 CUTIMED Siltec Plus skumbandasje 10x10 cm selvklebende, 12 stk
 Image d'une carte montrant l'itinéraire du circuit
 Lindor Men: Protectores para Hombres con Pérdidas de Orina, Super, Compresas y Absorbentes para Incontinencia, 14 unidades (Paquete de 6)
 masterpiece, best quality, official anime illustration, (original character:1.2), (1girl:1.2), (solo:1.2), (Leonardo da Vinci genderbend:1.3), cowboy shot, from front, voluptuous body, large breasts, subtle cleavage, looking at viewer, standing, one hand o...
--
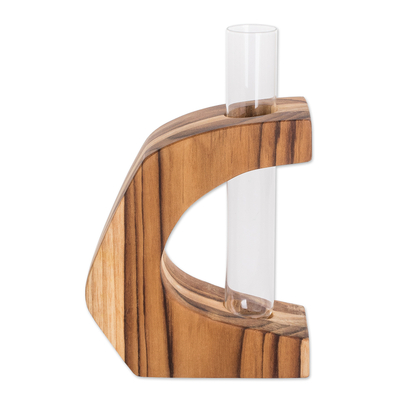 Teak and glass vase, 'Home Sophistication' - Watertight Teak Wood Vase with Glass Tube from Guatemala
--
### WHAT IS EXPECTED
Among the records above, a stretch begins at the line containing "Image d'une carte" and ends at the line containing "masterpiece, best quality, official". Restate that stretch word for word, and nothing else.

### EXERCISE RESULT
 Image d'une carte montrant l'itinéraire du circuit
 Lindor Men: Protectores para Hombres con Pérdidas de Orina, Super, Compresas y Absorbentes para Incontinencia, 14 unidades (Paquete de 6)
 masterpiece, best quality, official anime illustration, (original character:1.2), (1girl:1.2), (solo:1.2), (Leonardo da Vinci genderbend:1.3), cowboy shot, from front, voluptuous body, large breasts, subtle cleavage, looking at viewer, standing, one hand o...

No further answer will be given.